Date:November 17, 2004 / year-entry #395
Orig Link:
Comments:    20
Summary:Warning: .NET content ahead. For some reason, this gets asked a lot. To break an integer into its component bytes, you can use the BitConverter.GetBytes method: int i = 123456; byte[] bytes = BitConverter.GetBytes(i); After this code fragment, the byte array contains { 0x40, 0xE2, 0x01, 0x00 }. Update 11am: The endian-ness of the result is determined...

Warning: .NET content ahead. For some reason, this gets asked a lot.

To break an integer into its component bytes, you can use the BitConverter.GetBytes method:

int i = 123456;
byte[] bytes = BitConverter.GetBytes(i);

After this code fragment, the byte array contains { 0x40, 0xE2, 0x01, 0x00 }.
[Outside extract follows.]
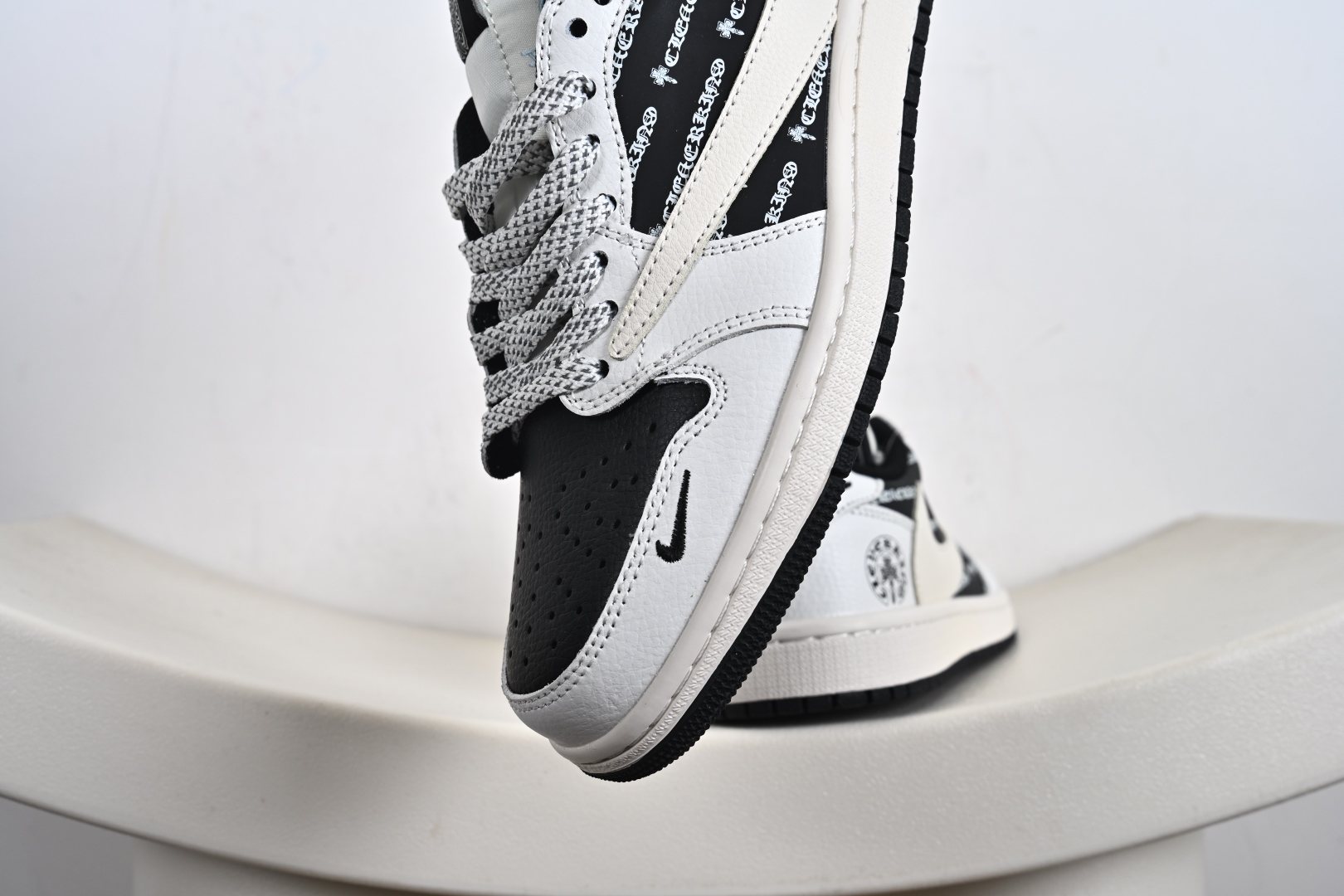 260  定制版 Travis Scott x Fragment Design x Air Jordan 1 Low SP AJ1 乔1 克罗心联名 黑白字母 低帮文化休闲板鞋  DZ5899-010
Update 11am: The endian-ness of the result is determined by the BitConverter.IsLittleEndian property. Thanks to reader Sean McVey for pointing this out.

Comments (20)
  1. alfons says:

    Perhaps stupid question: Why in little endian, or is it because of the platform you’re running it on?

  2. Almost Anonymous says:

    .NET is supposed to be platform neutral — the code should return bytes in the same order irregardless of platform.

    Little Endian is an interesting choice though.

  3. Centaur says:

    When talking of bit representations of integers, the second issue (after endianness) is representation of negatives. Is it 2-complement or 1-complement?

  4. alfons says:

    |the code should return bytes in the

    |same order irregardless of platform

    This is exactly what I would have guessed, so if that’s true, the choice for little endianness would be a bit curious.

  5. JamesW says:

    I was wondering the same as alfons when I saw this. Is AA’s explanation correct or is GetBytes platform specific and returning the bytes as they are stored in memory? The linked MSDN documentation seems a bit lacking – it makes no mention of what byte order to expect.

  6. Eric says:

    Why everybody looks so surprised being little endian the choice? What were you guys expecting? Network byte order? What byte order should be the appropiate for a "platform-independent" implementation?

  7. Raymond Chen says:

    Perhaps they come out big-endian on a big-endian machine. I don’t have access to one to find out.

  8. Sean McVey says:

    The documentation for the BitConverter class has an "IsLittleEndian" static property. Presumably, you might want to check that value.

    The very idea of looking at the bytes of a conceptual value is inherently platform-specific.

    At least they give you some help with this static property.

  9. Ray Trent says:

    .NET may (supposedly, theoretically) be platform independent, but 99.9999999% of the machines it runs on will be little-endian, so I don’t find it at all surprising that it was selected.

  10. Cooney says:

    More to the point, you’re pulling bits out of your int – surely, that stinks of noodling around on the other side of the abstraction. Inquiring minds want to know: how does it handle negatives? I had the hardest time getting 2s complement ints out of Java, as it didn’t have a similar method. I mostly stuck the int into a long and did an if x<0, then x+=1<<31. Longs were harder.

  11. Michael Silk says:

    int it = 23;

    int twos = ~it – 1

    isn’t it ?

  12. Chris Bruyere says:

    One more reason to learn the basics and use a real programming language like C or C++, where the programmer actually has control over the real data

  13. asdf says:

    Don’t know crap about .net/C# so I may be wrong, but it looks to me that it only supports 2’s compliment by comparing the documentation for:

    And looking at the mono source code, it looks like this does return it in whatever byte-layout the platform runs on.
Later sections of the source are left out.